Familiarity breeds no tolerance

I recently finished reading Thomas Asbridge’s book on The Crusades, which I recommend despite its moderately secular bias. I was a little surprised, however, to note that I’d only marked five notes, one of which was the following:

However, for all the contact between Muslims and Latins witnessed in this era–through war and peace–Islam’s attitude towards western Christendom was not radically altered. Old prejudices remained, among them popular misconceptions about the worship of Christ and God as an indication of polytheism, as well as entrenched antipathy towards the use of figurative religious images, forbidden in Islam, and wild assertions of Frankish sexual impropriety. Familiarity does not seem to have bred much in the way of understanding or tolerance. But equally, contrary to the suggestion of some scholars, the advent of the crusades did not prompt widespread deterioration in Muslim relations with indigenous eastern Christians. There were some intermittent signs of a hardening in attitudes, particularly in cases where native Christians living under Islamic rule were suspected of aiding or spying for the Franks, but, broadly speaking, little changed until the rise of the more fanatical Mamluks.

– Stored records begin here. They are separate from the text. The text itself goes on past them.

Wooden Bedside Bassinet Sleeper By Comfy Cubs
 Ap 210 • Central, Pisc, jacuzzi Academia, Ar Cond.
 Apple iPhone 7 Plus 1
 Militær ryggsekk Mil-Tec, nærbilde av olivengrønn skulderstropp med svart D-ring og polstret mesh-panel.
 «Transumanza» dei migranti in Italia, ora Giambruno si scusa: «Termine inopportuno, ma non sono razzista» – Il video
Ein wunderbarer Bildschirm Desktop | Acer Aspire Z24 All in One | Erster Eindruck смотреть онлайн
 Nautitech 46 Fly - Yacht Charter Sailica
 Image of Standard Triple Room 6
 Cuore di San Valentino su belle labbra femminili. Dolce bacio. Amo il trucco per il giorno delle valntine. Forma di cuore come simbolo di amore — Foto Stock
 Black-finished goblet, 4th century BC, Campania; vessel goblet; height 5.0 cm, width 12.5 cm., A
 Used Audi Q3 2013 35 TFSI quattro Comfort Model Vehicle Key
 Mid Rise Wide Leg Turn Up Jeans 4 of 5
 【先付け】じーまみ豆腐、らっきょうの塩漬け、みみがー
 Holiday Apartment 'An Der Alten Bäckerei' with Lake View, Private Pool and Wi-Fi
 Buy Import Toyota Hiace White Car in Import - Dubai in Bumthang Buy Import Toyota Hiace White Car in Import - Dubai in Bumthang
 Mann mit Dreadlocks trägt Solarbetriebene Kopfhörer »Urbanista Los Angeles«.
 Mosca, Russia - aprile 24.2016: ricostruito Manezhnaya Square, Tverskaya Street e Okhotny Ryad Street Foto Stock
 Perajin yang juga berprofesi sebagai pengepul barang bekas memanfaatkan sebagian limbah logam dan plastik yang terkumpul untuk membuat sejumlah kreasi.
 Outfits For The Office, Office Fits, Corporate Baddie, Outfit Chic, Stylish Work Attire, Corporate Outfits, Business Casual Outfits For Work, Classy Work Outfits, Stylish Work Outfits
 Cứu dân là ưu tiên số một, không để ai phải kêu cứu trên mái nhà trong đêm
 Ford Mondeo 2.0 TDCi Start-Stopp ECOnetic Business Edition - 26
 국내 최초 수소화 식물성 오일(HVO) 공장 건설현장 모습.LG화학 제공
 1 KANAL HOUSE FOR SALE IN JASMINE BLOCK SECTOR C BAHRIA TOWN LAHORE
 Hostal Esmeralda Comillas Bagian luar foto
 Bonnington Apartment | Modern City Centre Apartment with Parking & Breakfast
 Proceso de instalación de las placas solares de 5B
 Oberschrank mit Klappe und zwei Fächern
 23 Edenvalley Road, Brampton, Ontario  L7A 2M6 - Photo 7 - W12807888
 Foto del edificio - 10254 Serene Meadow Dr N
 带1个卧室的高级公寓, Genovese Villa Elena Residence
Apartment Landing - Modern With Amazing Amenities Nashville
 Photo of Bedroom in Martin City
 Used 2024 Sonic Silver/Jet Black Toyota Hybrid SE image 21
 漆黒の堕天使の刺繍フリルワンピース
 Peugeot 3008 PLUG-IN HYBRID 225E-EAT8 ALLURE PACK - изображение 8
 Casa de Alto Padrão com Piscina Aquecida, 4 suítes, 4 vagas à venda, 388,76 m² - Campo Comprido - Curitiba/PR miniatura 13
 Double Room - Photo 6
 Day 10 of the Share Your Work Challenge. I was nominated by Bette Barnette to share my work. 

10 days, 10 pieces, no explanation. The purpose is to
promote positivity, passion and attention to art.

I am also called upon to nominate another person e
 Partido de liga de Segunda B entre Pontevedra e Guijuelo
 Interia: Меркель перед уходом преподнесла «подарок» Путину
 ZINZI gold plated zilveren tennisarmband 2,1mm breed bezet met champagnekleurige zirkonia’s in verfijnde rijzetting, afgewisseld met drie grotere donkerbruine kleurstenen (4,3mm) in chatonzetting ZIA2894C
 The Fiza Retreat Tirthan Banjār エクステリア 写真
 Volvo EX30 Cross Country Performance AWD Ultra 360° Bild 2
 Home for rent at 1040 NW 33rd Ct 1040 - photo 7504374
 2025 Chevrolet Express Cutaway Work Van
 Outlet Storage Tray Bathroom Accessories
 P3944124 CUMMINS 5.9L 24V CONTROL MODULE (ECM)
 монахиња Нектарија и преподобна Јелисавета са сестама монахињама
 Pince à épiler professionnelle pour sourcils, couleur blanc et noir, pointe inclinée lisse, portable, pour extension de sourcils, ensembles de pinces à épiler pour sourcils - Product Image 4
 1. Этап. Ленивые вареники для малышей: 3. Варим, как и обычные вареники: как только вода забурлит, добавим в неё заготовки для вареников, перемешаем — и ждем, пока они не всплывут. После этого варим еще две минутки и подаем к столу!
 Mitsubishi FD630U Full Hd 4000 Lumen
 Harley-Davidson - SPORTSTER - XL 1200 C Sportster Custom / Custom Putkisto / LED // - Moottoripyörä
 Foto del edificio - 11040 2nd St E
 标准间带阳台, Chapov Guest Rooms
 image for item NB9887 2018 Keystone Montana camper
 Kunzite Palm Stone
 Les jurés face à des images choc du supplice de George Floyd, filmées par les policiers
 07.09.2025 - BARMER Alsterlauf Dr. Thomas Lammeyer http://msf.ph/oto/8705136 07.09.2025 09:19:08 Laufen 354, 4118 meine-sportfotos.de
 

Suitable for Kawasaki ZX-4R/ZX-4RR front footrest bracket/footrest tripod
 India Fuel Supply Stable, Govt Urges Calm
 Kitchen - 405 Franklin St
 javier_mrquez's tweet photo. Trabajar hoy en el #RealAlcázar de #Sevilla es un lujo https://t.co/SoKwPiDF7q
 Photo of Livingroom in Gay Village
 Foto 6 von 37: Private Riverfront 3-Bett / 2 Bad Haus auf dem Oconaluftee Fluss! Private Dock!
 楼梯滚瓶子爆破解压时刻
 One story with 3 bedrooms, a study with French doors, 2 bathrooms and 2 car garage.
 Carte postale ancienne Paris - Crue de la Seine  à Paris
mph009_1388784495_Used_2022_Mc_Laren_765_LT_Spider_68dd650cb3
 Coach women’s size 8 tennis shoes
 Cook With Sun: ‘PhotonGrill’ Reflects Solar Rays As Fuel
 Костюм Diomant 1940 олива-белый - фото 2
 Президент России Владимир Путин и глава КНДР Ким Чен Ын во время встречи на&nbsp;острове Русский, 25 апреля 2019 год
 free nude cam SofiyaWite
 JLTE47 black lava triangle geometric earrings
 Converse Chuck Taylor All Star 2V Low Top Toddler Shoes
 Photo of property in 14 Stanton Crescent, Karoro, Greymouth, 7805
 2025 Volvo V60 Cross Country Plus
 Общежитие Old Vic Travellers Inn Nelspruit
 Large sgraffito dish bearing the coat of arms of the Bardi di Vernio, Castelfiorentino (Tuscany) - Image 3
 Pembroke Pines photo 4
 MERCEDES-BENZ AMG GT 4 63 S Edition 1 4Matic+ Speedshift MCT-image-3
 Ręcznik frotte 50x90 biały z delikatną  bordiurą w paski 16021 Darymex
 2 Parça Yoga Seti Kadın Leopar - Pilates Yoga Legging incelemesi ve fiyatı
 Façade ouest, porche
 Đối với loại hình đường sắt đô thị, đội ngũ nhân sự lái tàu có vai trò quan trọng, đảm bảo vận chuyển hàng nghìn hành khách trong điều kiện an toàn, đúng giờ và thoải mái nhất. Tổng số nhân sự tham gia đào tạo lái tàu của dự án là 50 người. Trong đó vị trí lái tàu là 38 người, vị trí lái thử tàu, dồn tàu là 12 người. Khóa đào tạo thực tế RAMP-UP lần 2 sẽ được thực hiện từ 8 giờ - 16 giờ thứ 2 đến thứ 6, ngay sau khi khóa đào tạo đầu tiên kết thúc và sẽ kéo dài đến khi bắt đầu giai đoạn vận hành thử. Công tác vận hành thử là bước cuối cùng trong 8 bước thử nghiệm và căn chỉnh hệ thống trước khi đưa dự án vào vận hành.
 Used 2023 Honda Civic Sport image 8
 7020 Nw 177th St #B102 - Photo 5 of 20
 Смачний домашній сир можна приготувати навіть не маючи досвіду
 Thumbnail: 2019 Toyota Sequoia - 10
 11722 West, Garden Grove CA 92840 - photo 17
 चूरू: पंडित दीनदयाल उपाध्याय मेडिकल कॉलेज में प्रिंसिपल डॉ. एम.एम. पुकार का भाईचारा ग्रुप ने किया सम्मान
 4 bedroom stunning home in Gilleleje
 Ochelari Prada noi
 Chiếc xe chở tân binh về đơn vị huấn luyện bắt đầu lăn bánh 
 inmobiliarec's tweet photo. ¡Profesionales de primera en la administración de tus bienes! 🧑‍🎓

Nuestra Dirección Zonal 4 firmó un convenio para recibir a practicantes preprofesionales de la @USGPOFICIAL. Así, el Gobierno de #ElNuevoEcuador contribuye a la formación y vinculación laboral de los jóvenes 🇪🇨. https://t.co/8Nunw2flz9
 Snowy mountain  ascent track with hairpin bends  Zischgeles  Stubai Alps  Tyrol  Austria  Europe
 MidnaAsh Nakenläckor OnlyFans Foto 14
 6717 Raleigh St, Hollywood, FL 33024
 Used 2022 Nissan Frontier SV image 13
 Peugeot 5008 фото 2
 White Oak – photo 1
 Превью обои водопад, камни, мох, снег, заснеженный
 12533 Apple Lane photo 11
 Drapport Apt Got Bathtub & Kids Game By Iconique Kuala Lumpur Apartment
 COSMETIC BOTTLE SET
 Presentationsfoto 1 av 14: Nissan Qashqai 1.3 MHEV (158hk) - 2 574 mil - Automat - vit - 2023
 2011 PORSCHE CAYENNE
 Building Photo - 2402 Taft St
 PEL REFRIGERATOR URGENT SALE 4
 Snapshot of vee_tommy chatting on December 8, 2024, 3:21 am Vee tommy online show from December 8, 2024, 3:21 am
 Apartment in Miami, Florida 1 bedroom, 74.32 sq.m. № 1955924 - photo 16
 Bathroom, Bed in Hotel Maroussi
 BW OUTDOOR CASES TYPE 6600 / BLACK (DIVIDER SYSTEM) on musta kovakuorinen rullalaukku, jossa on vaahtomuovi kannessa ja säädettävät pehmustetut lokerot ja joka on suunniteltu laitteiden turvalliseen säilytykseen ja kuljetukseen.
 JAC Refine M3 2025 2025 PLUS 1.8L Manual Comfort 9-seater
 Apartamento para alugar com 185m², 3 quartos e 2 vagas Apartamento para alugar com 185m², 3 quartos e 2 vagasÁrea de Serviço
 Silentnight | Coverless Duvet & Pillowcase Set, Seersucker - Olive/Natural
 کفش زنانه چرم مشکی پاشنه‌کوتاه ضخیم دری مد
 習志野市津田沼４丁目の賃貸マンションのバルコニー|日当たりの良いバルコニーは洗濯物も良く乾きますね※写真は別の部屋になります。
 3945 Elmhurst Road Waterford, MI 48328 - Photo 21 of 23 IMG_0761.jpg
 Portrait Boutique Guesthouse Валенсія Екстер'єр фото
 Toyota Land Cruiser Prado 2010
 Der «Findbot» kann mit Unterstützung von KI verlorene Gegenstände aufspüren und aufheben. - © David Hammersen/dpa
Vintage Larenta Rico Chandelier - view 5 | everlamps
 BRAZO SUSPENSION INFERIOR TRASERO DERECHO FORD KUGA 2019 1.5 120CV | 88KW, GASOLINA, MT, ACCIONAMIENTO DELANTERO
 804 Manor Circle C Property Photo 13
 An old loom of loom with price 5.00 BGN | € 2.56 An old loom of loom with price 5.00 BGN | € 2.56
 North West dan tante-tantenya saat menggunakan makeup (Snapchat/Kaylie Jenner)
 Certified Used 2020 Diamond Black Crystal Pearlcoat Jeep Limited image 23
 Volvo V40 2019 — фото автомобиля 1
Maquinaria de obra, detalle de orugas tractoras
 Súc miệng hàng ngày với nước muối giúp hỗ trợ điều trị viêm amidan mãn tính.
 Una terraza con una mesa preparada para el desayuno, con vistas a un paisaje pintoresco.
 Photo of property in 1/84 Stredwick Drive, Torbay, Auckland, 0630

For both Islam and the West, perhaps the most striking transformation wrought by the crusades related to trade. Levantine Muslims already maintained some commercial contacts with Europe before the First Crusade through Italian seaborne merchants, but the volume and importance of this economic interaction were revolutionised in the course of the twelfth and thirteenth centuries, largely as a result of the Latin settlement of the eastern Mediterranean. The crusades and the presence of the crusader states reconfigured Mediterranean trade routes–perhaps most powerfully after Constantinople’s conquest in 1204–and played a critical role in solidifying the power of the Italian mercantile cities of Venice, Pisa and Genoa.

Two interesting notes there. First is the fact that after 200 years of close contact, there was little improvement in terms of understanding or toleration between the Frankish and Islamic cultures. There was even some indication of “a hardening in attitudes” despite the occasional intermarriage and a considerable amount of trade; neither side objected in the least to making use of the women of the other side.

Given that the West has had much the same result with its African subculture over the last 200 years, these multiple multi-century data points should suffice to demonstrate that both the multicultural and the melting pot models of multiethnic societies are fundamentally incorrect. This historical conclusion is soundly supported by the relevant social science. And that means that as happened before in both the Holy Land and in Spain, and as is happening now in the Middle East, societal homogeneity will come to the fore again in the West. The Western equivalent of “the more fanatical Mamluks” will eventually rise due to the failure of their predecessors to deal with the problem in a less violent manner.

The second is the way that the main transformation was economic. In the West, we assume that because there has been an economic transformation, there will be a cultural transformation. The history of the Crusades indicates this is incorrect, and that the economic transformation is ultimately irrelevant to the cultural and demographic transformations. This historical perspective is in line with socionomic theory, which holds that economics is a consequential factor, not a causal one.